For the first time in my life, I completed a jigsaw puzzle
all by myself. I remember doing puzzles with my mother as a teenager. Looking
back on it I realize it was usually during times of stress and change in my
life. I think it was something we could do together that was slow, focused and
meditative. My motor skills have also always been a bit wonky do to some misprocessing
stuff in my brain. I think in her infinite mommy wisdom she knew this would be
good for me.
So as a quarter closed, I was dealing and as I was facing a
job interview (I got the job, more on that later blog entries) I almost instinctively
felt a strong desire to do a puzzle.
I started just the way momma taught me, painstakingly
sorting through the pieces so that I could separate the edges from the
non-edges.
For a week I worked on the puzzle bit by bit. Each day more
of the picture came together. It was a slow process. Sometimes it felt like I was not getting very far at all.
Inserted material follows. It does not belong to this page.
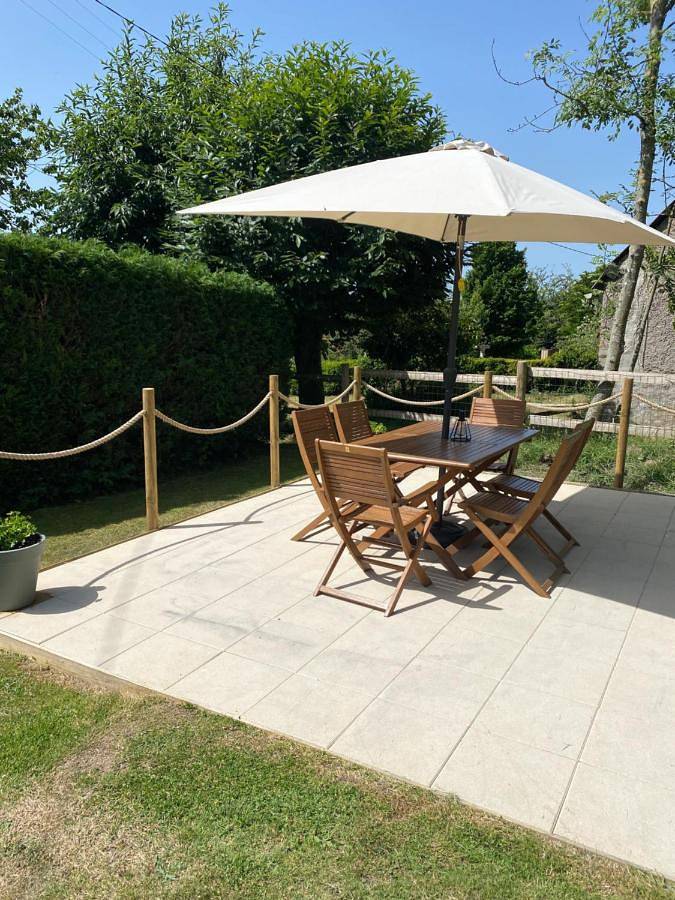 Location de vacances pour 4 personnes, avec vue et jardin, adapté aux familles à Gavray - 3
I
started taking photos of it, to gage my process. When I compared the photos it became clear that I was indeed
moving forward, things were happening. I was making strides to get to were I
wanted to be.
The reason I write this entry is not to confess what a nerd
I am (although I am, and I own it) but to explain how doing this puzzle was a
micro example of life in general.
Sometimes we don’t realize how much progress we are making to create the
big picture. We forget where we are going, and get stuck in the trial and error,
the slowness of the process. But the truth is, it is coming together piece by
piece even if we don’t see it.
Oh and for the record I completed the puzzle, but lost one
piece. Which helps make my other
point about life… sometimes it does not work the way you want it to, but you
move on, and learn to be content with what did go right.